- League: NCAA Division I
- Sport: Basketball
- Teams: 10
- TV partner(s): ESPN3, CBSSN, CBS

Regular Season
- 2017 MVC Champions: Illinois State and Wichita State (co-champions)
- Season MVP: Paris Lee, Illinois State

Tournament
- Champions: Wichita State
- Runners-up: Illinois State
- Finals MVP: Conner Frankamp, Wichita State

Basketball seasons
- ← 2015–162017–18

= 2016–17 Missouri Valley Conference men's basketball season =

The 2016–17 Missouri Valley Conference men's basketball season began with practices in October 2016, followed by the start of the 2016–17 NCAA Division I men's basketball season in November. Conference play began on December 28, 2016, and concluded in March.
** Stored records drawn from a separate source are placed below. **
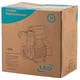 Станция 0.35кВт Hmax 35м Qmax 40л/мин (вихревой насос) 1л LEO LKSm350A (776113) - изображение 10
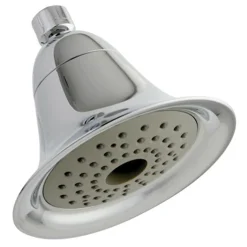 Kingston Brass KX361 Dual Setting Adjustable Showerhead in Polished Chrome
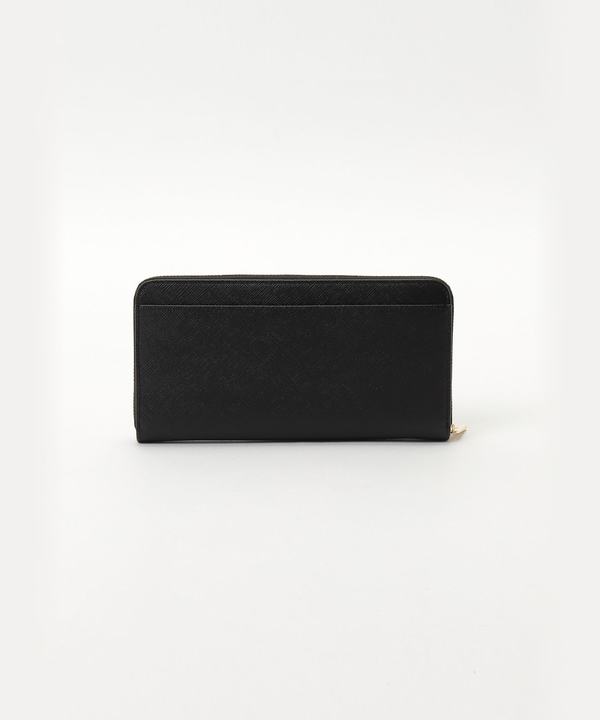 ✨️美品✨️ アニエスベー 二つ折り財布 シルバー金具 型押し レザー 黒 アニエスベー 財布 二つ折りのおすすめ人気商品一覧 通販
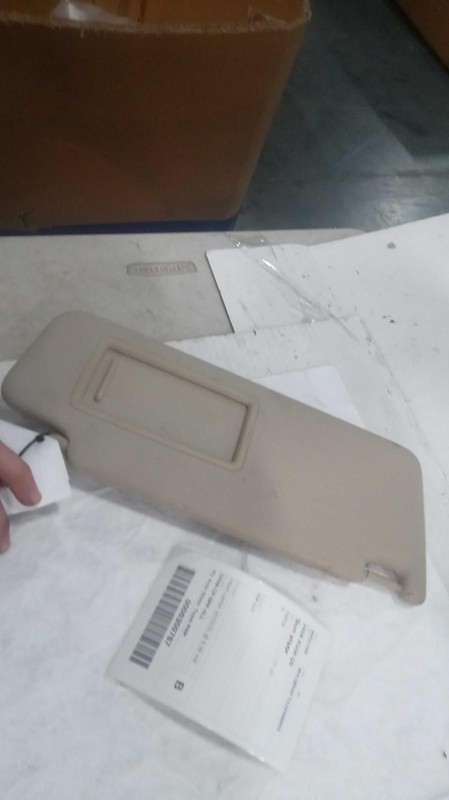 Used Right Sun Visor fits: 2018 Audi Q5 Right Grade B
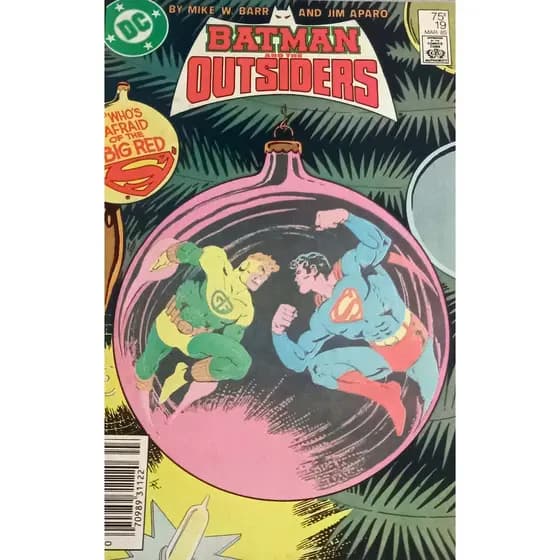 HQ DC Batman and the Outsiders 19 - Vintage - Importada - DC 1984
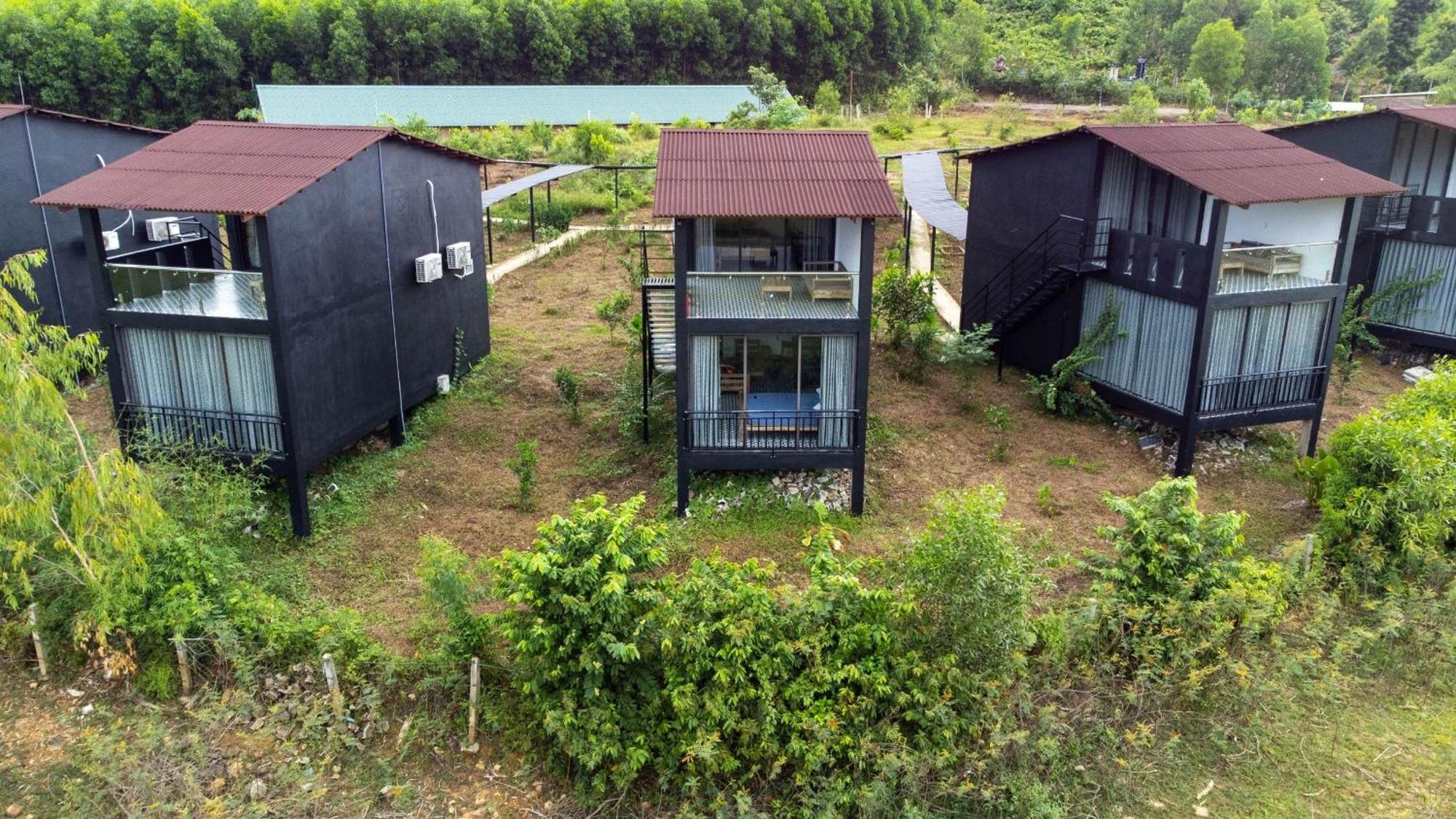 Nguyen Shack Retreat Resort Phong Nha Buitenkant foto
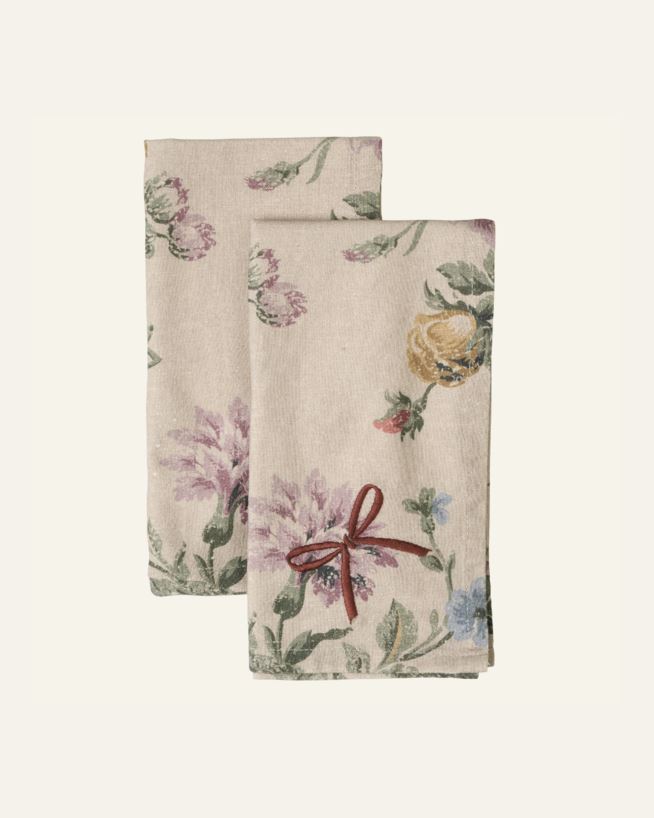 Stoffservietten im 2er-Set Multi - 45x45 cm Multi - 1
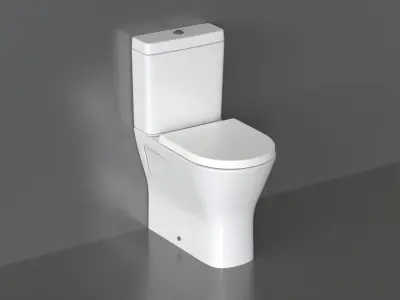 WC18 Toilet 3D model
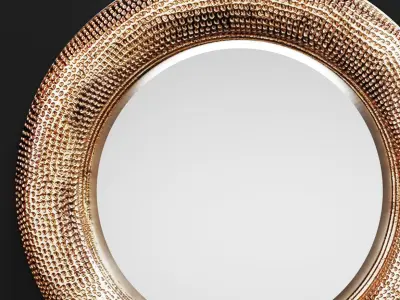 Raymus Mirror by Howard Elliott 3D 3D model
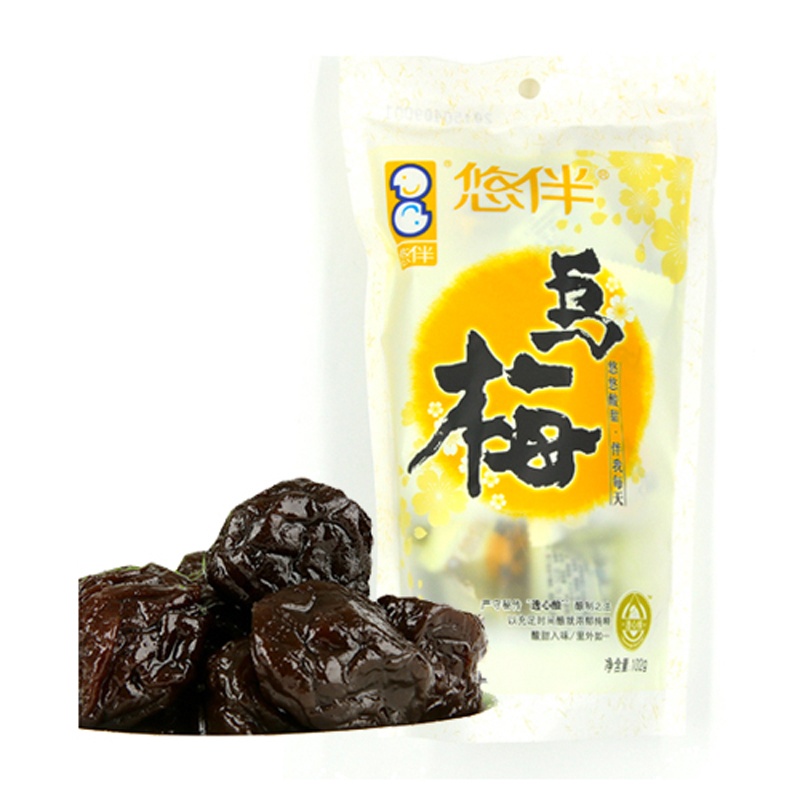 悠伴乌梅102g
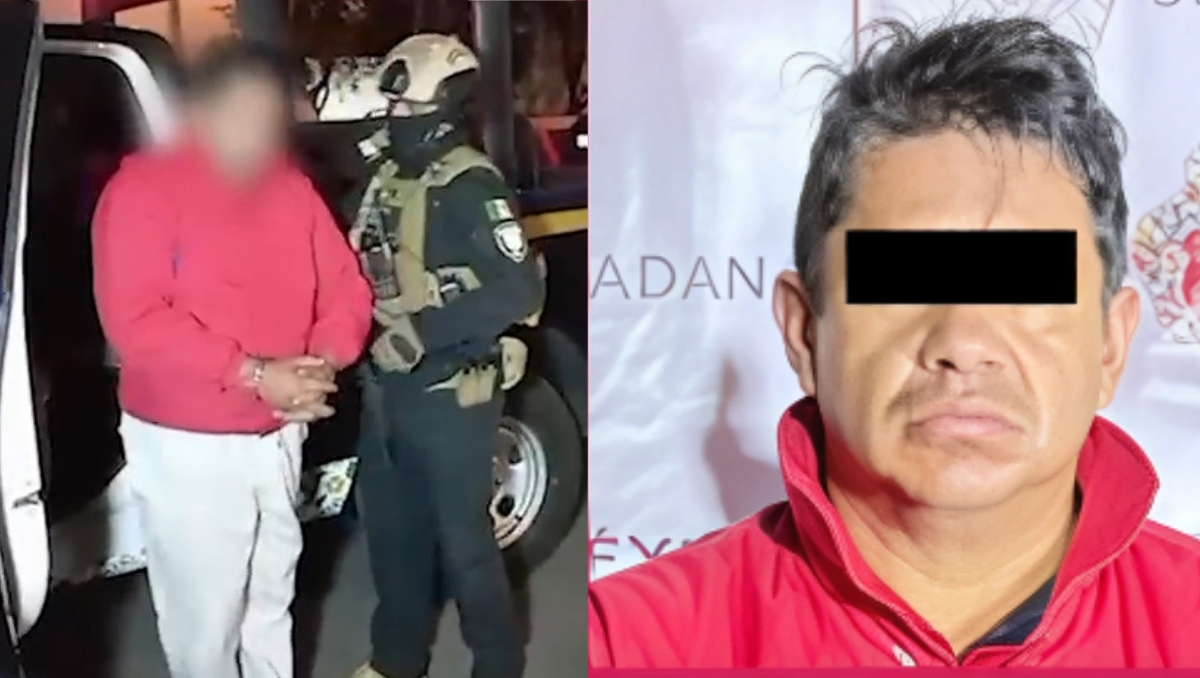Agustín Octavio 'N' alias 'El Escorpión'  líder en el Cártel de Tláhuac. | Especial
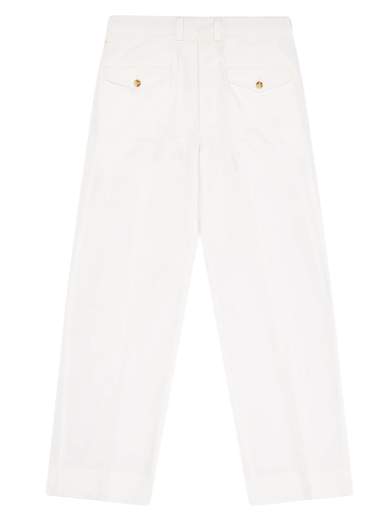 LANEUS PANTALONE GABARDINA OVER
Illinois State and Wichita State shared the regular season championship with matching records of 17–1. Due to tiebreakers, Illinois State received the conference's No. 1 seed in the Missouri Valley Conference tournament.

Illinois State's Paris Lee was named Conference Player of the Year and Dan Muller was named Coach of the Year.

The MVC Tournament was held from March 2–5 at the Scottrade Center in St. Louis, Missouri. Wichita State defeated Illinois State to win the tournament championship. As a result, the Shockers received the conference's automatic bid to the NCAA tournament. No other MVC team received a bid to the NCAA Tournament. Illinois State received a bid to the National Invitation Tournament.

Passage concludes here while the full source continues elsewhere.